-1

I have a db of places people have ordered items from. I parsed the list to get the city and state so it prints like this - city, state (New York, NY) etc....

I use the variables $city and $state but I want to count how many times each city and state occur so it looks like this - city, state, count (Seattle, WA 8)

I have all of it working except the count .. I am using a hash but I can't figure out what is wrong with this hash:

if ($varc==3) {
        $line =~ /(?:\>)(\w+.*)(?:\<)/;
        $city = $1;
    }
    if ($vars==5) {
        $line =~ /(?:\>)((\w+.*))(?:\<)/;
        $state = $1;

        # foreach $count (keys %counts){
        #   $counts = {$city, $state} {$count}++;
        #   print $counts;
        # }

    print "$city, $state\n";

    }

foreach $count (keys %counts){
$counts = {$city, $state} {$count}++;
print $counts;
}
R.Stone
  • 15
  • 1
  • 4

2 Answers2

1

Instead of printing city and state you can build a "location" string with both items and use the following counting code:

# Declare this variable before starting to parse the locations.
my %counts = ();

# Inside of the loop that parses the city and state, let's assume
# that you've got $city and $state already...

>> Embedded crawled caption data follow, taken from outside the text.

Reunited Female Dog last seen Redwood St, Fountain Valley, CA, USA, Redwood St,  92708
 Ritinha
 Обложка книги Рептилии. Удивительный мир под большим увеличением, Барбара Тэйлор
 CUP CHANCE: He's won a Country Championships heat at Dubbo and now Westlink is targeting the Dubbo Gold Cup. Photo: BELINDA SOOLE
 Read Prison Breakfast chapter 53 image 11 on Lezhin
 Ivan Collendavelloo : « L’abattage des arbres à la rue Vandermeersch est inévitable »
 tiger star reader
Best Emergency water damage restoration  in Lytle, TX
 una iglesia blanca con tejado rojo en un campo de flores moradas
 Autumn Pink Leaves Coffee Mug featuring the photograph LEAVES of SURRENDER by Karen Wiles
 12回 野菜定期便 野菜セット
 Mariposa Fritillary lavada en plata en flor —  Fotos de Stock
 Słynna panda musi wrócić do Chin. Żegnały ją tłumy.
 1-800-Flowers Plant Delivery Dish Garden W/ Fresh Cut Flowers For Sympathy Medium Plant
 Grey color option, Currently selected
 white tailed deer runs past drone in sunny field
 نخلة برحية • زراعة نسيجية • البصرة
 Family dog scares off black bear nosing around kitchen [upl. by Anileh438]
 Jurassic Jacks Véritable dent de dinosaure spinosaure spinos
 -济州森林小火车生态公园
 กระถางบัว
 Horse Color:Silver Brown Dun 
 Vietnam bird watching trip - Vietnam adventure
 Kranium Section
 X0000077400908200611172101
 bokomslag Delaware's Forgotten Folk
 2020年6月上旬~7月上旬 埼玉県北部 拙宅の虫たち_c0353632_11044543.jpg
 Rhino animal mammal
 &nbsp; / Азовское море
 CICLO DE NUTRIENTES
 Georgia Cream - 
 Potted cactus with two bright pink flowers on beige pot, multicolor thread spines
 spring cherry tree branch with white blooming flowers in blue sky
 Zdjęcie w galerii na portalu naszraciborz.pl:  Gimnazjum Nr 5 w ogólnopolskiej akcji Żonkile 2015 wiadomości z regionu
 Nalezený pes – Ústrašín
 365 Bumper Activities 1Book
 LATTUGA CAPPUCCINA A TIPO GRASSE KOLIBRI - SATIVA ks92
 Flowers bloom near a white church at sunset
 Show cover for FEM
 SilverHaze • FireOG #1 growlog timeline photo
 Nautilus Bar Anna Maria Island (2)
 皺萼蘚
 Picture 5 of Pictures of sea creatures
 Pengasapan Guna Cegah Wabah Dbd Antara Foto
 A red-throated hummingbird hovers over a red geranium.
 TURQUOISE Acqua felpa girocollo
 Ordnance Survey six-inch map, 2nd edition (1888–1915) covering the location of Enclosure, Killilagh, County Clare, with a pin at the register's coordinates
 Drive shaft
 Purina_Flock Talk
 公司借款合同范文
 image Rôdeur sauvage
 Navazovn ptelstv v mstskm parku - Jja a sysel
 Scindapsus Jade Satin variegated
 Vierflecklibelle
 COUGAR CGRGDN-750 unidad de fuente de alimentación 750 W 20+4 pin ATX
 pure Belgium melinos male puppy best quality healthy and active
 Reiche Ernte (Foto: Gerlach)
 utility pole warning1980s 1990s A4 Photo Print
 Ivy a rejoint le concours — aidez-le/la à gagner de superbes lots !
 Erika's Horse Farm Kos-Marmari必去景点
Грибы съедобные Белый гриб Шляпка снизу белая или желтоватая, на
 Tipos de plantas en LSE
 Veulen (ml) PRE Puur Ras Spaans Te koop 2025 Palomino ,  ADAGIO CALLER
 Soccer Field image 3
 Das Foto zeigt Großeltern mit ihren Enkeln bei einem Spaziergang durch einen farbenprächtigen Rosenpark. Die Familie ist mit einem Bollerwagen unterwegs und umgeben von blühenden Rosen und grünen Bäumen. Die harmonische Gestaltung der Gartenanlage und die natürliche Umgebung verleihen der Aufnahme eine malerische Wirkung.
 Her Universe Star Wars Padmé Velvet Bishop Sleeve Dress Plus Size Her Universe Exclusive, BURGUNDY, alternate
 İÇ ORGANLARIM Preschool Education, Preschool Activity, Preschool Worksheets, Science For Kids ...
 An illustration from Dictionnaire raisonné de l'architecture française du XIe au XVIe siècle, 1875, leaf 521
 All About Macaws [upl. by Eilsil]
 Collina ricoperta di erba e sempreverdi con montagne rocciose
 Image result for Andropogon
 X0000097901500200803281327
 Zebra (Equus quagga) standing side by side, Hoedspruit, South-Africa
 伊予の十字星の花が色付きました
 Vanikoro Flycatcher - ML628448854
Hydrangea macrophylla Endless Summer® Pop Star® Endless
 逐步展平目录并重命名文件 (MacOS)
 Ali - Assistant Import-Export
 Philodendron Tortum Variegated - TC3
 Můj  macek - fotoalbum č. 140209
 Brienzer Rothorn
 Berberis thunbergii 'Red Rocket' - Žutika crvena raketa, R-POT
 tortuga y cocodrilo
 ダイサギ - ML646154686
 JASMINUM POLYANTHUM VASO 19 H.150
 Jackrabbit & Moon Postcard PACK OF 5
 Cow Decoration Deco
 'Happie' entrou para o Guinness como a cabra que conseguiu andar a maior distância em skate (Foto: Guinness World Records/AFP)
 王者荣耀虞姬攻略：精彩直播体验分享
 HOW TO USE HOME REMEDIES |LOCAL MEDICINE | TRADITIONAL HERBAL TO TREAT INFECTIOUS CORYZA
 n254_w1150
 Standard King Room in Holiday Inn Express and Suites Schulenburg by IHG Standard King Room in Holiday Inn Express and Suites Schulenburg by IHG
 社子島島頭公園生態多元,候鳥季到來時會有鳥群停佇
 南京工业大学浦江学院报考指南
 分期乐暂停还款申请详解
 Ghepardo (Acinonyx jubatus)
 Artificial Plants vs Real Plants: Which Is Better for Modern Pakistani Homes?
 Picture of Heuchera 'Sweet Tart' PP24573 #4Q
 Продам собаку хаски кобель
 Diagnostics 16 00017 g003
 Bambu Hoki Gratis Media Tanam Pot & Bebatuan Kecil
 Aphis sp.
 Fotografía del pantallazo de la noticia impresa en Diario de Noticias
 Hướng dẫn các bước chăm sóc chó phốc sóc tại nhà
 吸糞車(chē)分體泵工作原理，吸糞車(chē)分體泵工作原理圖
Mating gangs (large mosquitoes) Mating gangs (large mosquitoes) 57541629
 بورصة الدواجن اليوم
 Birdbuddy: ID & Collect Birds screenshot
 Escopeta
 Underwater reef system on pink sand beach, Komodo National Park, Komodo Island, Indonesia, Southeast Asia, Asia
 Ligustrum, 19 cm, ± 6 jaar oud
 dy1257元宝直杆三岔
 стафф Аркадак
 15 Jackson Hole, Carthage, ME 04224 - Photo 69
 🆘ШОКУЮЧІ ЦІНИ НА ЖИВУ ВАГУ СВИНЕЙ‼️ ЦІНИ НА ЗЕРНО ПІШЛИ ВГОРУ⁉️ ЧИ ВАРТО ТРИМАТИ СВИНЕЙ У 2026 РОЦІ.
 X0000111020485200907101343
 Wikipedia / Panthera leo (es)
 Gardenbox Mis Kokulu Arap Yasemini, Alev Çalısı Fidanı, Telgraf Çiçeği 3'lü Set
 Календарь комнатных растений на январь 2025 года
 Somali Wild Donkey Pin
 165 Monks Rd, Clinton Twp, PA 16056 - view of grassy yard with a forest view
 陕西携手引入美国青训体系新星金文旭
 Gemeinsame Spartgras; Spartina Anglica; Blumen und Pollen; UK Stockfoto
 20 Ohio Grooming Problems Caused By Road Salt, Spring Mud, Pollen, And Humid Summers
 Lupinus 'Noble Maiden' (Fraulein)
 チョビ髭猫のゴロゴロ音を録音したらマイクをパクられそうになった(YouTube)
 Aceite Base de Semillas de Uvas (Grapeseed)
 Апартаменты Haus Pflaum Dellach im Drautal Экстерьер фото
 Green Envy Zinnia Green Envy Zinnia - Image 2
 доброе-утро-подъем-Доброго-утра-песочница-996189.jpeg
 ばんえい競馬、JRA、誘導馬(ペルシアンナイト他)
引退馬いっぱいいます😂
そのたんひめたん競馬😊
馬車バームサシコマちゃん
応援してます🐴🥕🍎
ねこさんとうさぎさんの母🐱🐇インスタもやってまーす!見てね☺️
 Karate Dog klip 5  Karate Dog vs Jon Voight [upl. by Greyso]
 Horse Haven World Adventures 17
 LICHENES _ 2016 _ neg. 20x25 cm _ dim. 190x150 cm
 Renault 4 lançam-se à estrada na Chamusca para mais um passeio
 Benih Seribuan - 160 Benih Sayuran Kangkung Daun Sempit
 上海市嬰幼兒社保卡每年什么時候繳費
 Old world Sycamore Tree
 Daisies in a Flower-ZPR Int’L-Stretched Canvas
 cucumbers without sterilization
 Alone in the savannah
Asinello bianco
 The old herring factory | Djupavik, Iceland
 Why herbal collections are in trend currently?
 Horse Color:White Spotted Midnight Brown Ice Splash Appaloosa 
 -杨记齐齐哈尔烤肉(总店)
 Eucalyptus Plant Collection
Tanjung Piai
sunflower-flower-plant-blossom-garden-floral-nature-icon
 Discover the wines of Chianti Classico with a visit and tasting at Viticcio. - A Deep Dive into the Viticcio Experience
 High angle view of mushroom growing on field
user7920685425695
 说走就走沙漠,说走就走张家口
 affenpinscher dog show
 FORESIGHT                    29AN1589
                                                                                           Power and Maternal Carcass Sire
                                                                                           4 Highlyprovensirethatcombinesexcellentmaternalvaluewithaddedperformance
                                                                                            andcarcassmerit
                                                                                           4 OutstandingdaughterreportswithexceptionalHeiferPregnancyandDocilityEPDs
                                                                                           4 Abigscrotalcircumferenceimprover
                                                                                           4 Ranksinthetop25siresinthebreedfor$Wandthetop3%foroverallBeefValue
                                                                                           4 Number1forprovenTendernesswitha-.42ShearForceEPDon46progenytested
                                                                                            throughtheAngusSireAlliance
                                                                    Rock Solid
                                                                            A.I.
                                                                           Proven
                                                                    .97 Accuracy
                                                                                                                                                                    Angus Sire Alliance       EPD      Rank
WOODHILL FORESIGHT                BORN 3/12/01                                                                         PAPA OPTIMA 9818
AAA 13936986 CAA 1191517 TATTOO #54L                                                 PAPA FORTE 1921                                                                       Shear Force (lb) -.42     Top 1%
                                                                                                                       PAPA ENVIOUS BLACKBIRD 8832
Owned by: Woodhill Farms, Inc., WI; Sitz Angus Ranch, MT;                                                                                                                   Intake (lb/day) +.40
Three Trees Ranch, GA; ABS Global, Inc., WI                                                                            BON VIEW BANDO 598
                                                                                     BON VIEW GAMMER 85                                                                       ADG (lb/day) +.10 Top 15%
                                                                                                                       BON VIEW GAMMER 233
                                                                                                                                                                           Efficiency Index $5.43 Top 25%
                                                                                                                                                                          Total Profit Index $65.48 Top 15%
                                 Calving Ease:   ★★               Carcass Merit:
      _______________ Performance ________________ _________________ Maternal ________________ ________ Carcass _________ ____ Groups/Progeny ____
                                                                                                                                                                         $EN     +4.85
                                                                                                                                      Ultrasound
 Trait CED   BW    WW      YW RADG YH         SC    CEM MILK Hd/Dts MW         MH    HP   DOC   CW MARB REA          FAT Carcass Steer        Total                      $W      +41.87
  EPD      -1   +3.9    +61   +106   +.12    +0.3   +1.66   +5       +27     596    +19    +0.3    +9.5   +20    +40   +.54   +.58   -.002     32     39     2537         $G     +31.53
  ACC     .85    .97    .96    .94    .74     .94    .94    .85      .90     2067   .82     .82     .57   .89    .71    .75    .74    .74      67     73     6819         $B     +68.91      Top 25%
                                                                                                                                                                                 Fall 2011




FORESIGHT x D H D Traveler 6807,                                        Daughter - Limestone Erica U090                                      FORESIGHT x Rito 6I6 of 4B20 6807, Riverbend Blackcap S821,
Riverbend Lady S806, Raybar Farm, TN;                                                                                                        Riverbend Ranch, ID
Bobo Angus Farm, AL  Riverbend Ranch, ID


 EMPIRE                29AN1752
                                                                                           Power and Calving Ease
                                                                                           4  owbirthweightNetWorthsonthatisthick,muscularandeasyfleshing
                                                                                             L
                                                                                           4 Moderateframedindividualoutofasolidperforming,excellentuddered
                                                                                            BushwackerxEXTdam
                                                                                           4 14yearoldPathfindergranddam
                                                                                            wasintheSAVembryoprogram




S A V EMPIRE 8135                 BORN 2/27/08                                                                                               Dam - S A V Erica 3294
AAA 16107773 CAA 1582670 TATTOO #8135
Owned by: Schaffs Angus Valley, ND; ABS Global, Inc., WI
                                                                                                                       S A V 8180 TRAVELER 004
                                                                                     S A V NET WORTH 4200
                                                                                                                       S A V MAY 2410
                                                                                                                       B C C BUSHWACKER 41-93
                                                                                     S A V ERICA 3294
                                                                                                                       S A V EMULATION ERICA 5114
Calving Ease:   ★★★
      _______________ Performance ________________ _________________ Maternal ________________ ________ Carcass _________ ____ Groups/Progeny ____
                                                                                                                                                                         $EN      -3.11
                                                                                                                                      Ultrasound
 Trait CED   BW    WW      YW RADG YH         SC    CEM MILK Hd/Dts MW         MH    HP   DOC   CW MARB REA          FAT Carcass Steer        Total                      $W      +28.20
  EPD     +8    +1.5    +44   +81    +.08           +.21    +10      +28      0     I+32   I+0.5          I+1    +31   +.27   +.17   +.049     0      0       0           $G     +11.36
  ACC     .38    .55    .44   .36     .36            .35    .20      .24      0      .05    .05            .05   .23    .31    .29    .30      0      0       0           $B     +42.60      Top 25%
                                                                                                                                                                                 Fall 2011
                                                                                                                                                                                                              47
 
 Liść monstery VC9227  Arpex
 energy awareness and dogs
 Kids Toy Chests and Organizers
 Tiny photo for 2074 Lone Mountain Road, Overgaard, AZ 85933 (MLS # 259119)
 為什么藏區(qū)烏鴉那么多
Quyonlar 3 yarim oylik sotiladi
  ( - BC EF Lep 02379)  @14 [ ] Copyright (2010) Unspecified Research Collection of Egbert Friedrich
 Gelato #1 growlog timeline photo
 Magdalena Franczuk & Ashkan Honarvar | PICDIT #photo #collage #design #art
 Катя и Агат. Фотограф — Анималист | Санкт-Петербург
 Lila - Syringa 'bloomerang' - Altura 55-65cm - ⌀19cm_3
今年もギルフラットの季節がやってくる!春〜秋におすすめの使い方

  my $location = "$city, $state";
  $counts{$location} += 1;
}

# When you've processed all locations then the counts will be correct.
foreach $location (keys %counts) {
  print "OK: $location => $counts{$location}\n";
}

# OK: New York, NY => 5
# OK: Albuquerque, NM => 1
# OK: Los Angeles, CA => 2
maerics
  • 151,642
  • 46
  • 269
  • 291
  • I don't understand how you have [at]places = ( followed by the city and state. I have code that when runs prints city and state but not with the [at]places and in this type of list so I have no idea how to get a list formatted after the ( in the [at]places... unless I copy paste all this and manually make the list but that seems to be completely defeating the purpose – R.Stone Nov 21 '17 at 15:27
  • You say that you "parsed the list to get the city and state" so it sounds like you've already got a list containing those parsed items in an array. If so, then all you need to do is the rest of the code afterwards. – maerics Nov 21 '17 at 15:31
  • Hmmm...so when I run the full code that is listed above and it hits the print $city, $state line (without the hash) it returns the following in my cmd window: city, state city, state city, state with a \n between each pair ... so does that mean this is an array? I am sorry but I just don't understand. I thought I had made it through the hard part by get through the jumbled mess of information and pulling out the city, state.... all I need is the count but this seems to be way more difficult than I thought it would be. – R.Stone Nov 21 '17 at 15:34
  • Can I create this by doing the following: [at]places=($city, $state); ? – R.Stone Nov 21 '17 at 15:39
  • Ah ok, I just saw your updated question. If you've got city and state in separate variables then you can just build a string containing them both and use similar code as above. I'l update my answer.... – maerics Nov 21 '17 at 15:39
  • Thank you, I will try this out. – R.Stone Nov 21 '17 at 15:47
  • Ok, it's not throwing an error but it isn't working properly.... instead of returning city, state, number ... it is returning city, state =>1 for each line with the city, state being correct but the number is =>1 for all. – R.Stone Nov 21 '17 at 15:54
  • Ah, ok I figured out what the hangup was. It is working, thank you!!!! – R.Stone Nov 21 '17 at 15:56
  • Huh, I ended up reproducing your answer in different words because I didn't see your edit. – simbabque Nov 21 '17 at 16:01
1

This is going to be a mix of an answer and a code review. I will start with a warning though.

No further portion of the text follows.